Additionally, although the AUC was high, the wide confidence interval around specificity and the presence of publication bias—particularly for success and esophageal intubation rates—indicate potential selective reporting. Many studies with negative or neutral findings may not have been published. Moreover, the majority of studies had some concern in quality assessment domains, with two studies (Takeuchi and de Kock et al.) showing high risk of bias due to inadequate reference standards and selection issues. A further limitation is the inability to perform robust subgroup analyses based on operator experience, ultrasound technique, or equipment type due to the limited number of studies and inconsistent reporting of these variables.
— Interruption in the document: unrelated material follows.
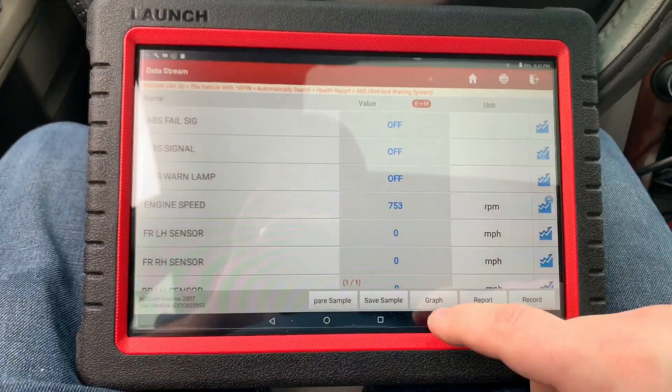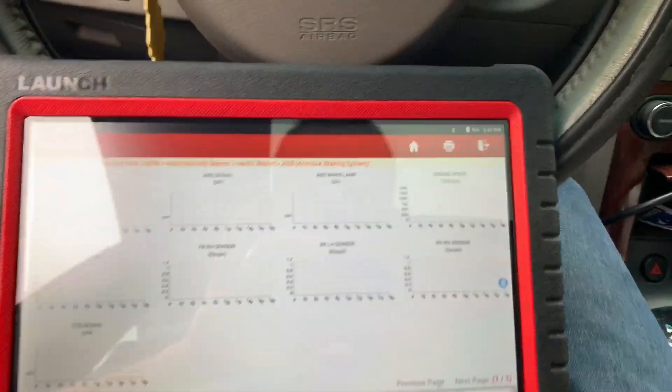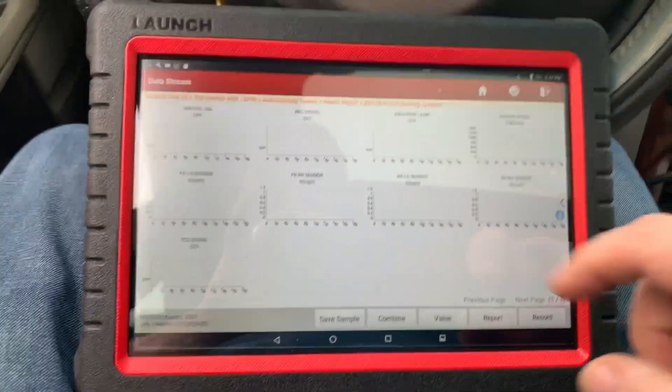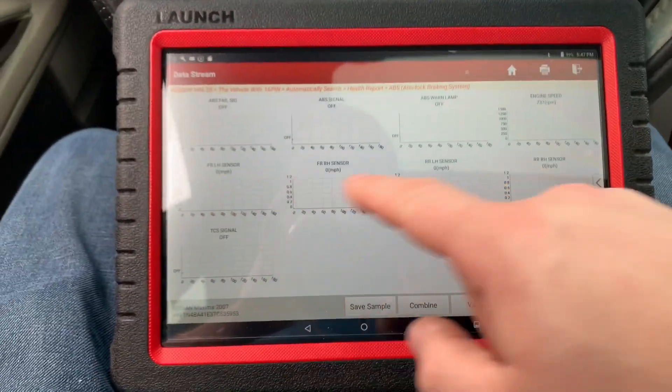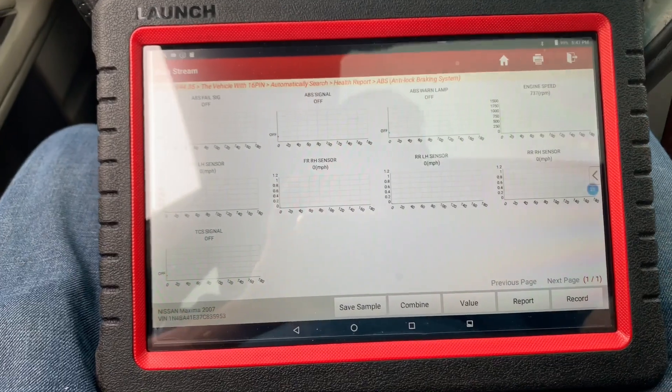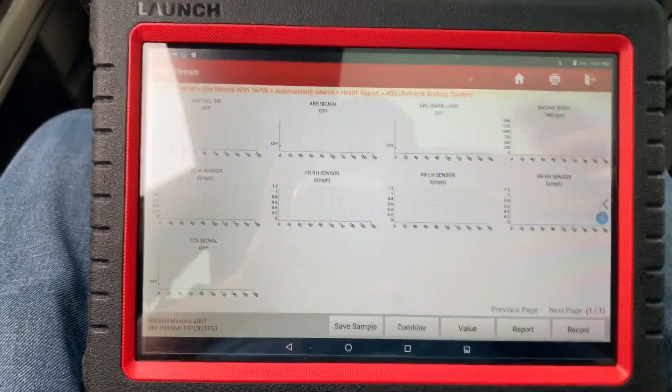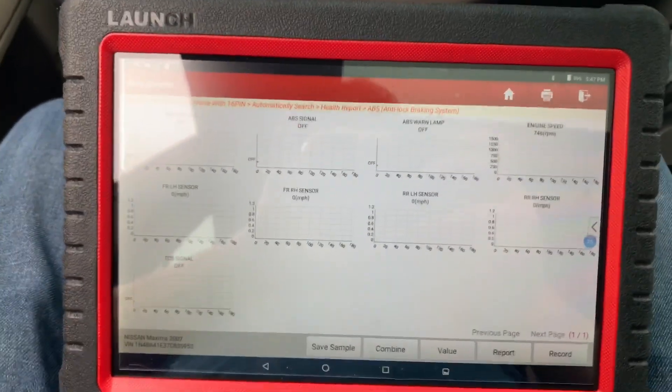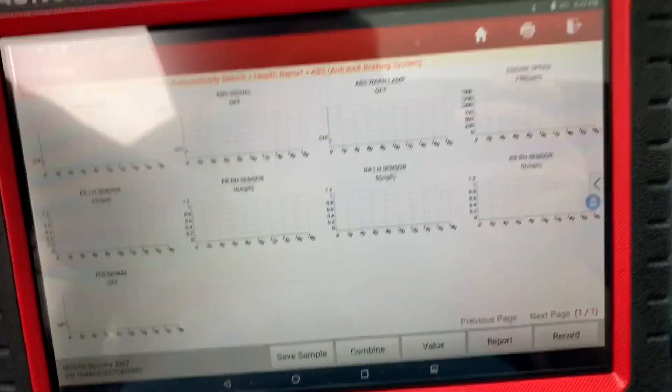I picked nine PIDs and I'm going to graph it out. We got our sensors here, so we're going to try and see if we're getting any readings out of this.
Future research with larger, more detailed studies will be needed to explore how these factors influence the diagnostic accuracy of POCUS. Future studies should employ standardized diagnostic frameworks and ensure blinding to reduce bias.

Our findings advocate for the broader integration of tracheal POCUS into neonatal intubation algorithms, especially in circumstances where capnography may be unreliable, such as in neonates with poor perfusion states or during chest compressions. Future research should prioritize RCTs comparing POCUS-guided confirmation versus traditional methods in emergency and elective neonatal intubations. Standardization of training protocols is essential, allowing for routine and evidence-guided management of neonates.

Conclusion

Real-time point-of-care tracheal ultrasonography is a highly sensitive and moderately specific tool for confirming the correct site of endotracheal tube placement in neonates in acute care settings. It offers rapid, bedside, radiation-free confirmation and may reduce the incidence of undetected esophageal intubation. While variability in technique and operator skill remains a limitation, the overall diagnostic accuracy and safety profile of POCUS support its increasing adoption in neonatal airway management protocols. Despite methodological heterogeneity across studies, this analysis provides the most comprehensive evidence to date supporting POCUS as a valuable adjunctive tool for neonatal endotracheal tube placement verification, while highlighting the need for standardized protocols and training programs. Larger, high-quality prospective studies and implementation trials are warranted to further consolidate its role and optimize training frameworks.